Published Date 17/04/13 16:56
It consistently amazed me how activists walked into the trap of corporate social networking. I can understand NGO groups narrowness of focus, its were the funding is. I can understand traditional media's embracing of Facebook, Twitter and the closed ecosystem of app stores as its a perceived as a “safe” place to run from the crumbling business markets they are part of.
Lets look at each in turn:
Corporate social networking is perfect for the less radical charity's as the company's running theses networks wont to be seen to be social responsible and charity’s are the perfect place to be seen to care with out the risk of upsetting sponsors, advertisers and investors.
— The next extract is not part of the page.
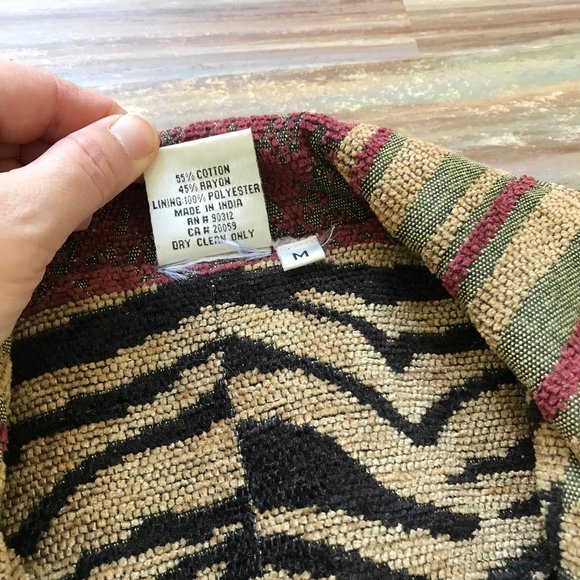 Parsley & Sage Textured Chenille Patchwork Tapestry Blazer Jacket - Picture 7 of 9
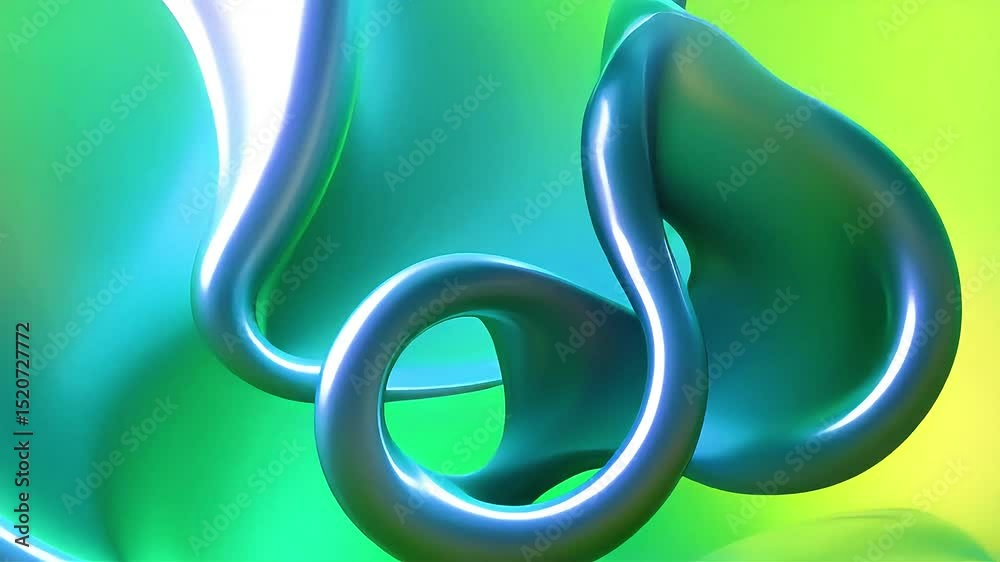 Poster Abstract Teal and Green Liquid Forms Flowing Dynamically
The more progressive parts of the traditional media, such as the FT have realised the trap they leapt into when building inside Facebook, Twitter etal. And are now back to prioritising building on the open web using HTML5. The less progressive side are now negotiating from a weak postion with these new powerful gatekeepers.
10 years ago Activist media was a worldwide phenomenon, inventing and leading many of the technology and techniques that are now mainstream. But two things happened, firstly they got bogged down in “activist process” and on the other the “lifestyle of geek” open-source culture. These together slowed innovation to a stop, the functionality and reach of such new networks as Facebook and Twitter rendered this moribund activist media less relevant to new generations of activists such as the climatecamp media team. Leaving space for the NGO focus embracing of corporate social media on one hand and the manipulation of traditional media on the other as the main ongoing successful strategy.
Were are we now? I was at the party to cover the celebrate of the death of Margaret Thatcher recently in Trafalgar sq. The were hundreds of cameras both video and stills probably as many people filming and documenting as there party goers or police. But almost no radical media made it online, the was a smattering of wonabe mainstream media such as Vice and Demotix. What interested me was running into all the retired activist and the ones that now work for NGO's it struck me that the is no continuity, no new radical media, it had almost completely ended. Few small exception’s to this are ourselves (visionontv) and ONN who are both small fish.
As I sead at the time, we as activist's fucked up in two ways: in wholesale embracing of corporate social media and in the narrowing of activist tec into geek lifestyle. Can we learn from this? Its time to reinvent grassroots bottom up media – its not to late.